### EXERCISE PROMPT:
Through to the final line, write out the records below exactly, omitting any images they contain.

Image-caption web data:

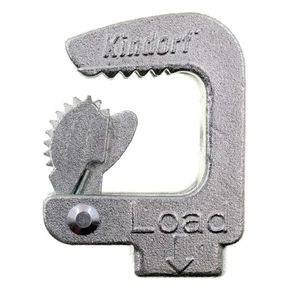 THOMAS & BETTS FBC1 JUEGO RÁPIDO ABRAZADERA DE HAZ, 250-LBS, VARILLA DE 1/4-PULGADA, 1/4-5/8", 25-PAC - Imagen 1 de 4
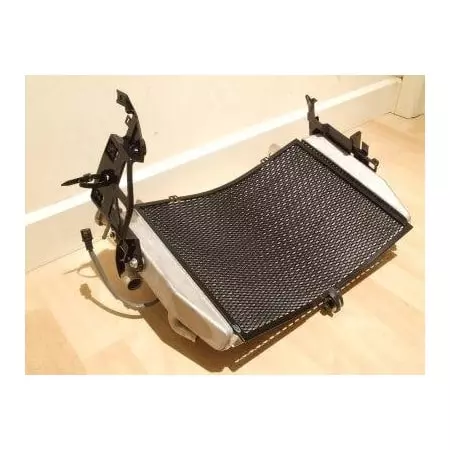 Protection De Radiateur R&G Racing Pour YZF-R1 '09-10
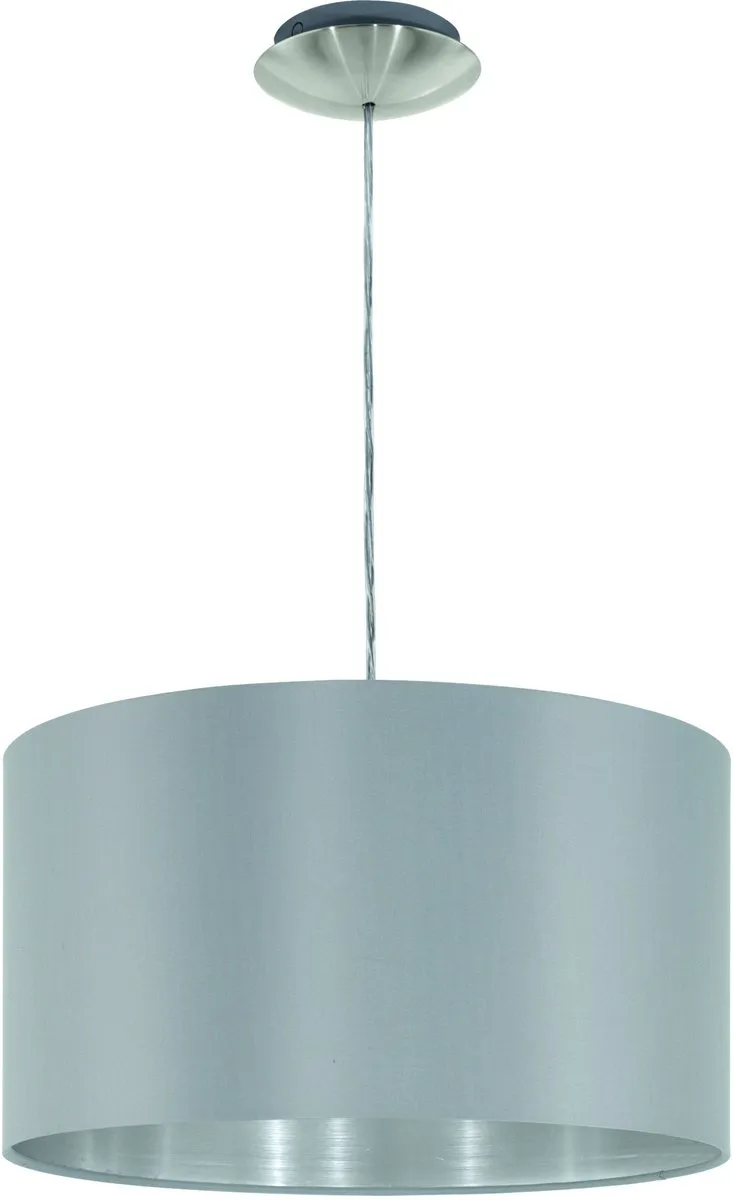 Eglo Maserlo Hanglamp 1 Licht Ø38cm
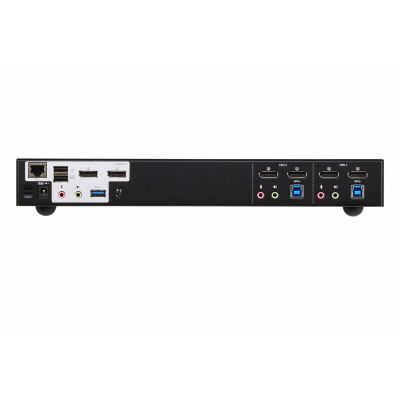 2. ATEN CS1942DP KVM/Audio/USB Switch - 2 Ports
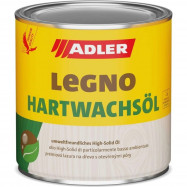 Adler Legno Hartwachsöl Farblos ( Bezfarebný ) 0,75l
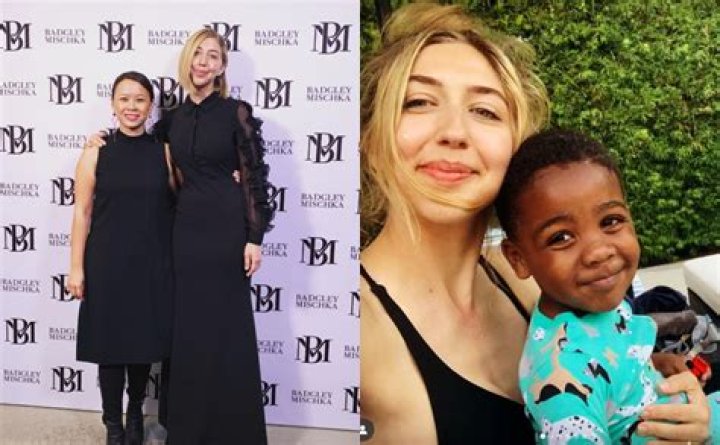 Heidi Gardner And Her Precious Kids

### TASK OUTPUT:
 THOMAS & BETTS FBC1 JUEGO RÁPIDO ABRAZADERA DE HAZ, 250-LBS, VARILLA DE 1/4-PULGADA, 1/4-5/8", 25-PAC - Imagen 1 de 4
 Protection De Radiateur R&G Racing Pour YZF-R1 '09-10
 Eglo Maserlo Hanglamp 1 Licht Ø38cm
 2. ATEN CS1942DP KVM/Audio/USB Switch - 2 Ports
 Adler Legno Hartwachsöl Farblos ( Bezfarebný ) 0,75l
 Heidi Gardner And Her Precious Kids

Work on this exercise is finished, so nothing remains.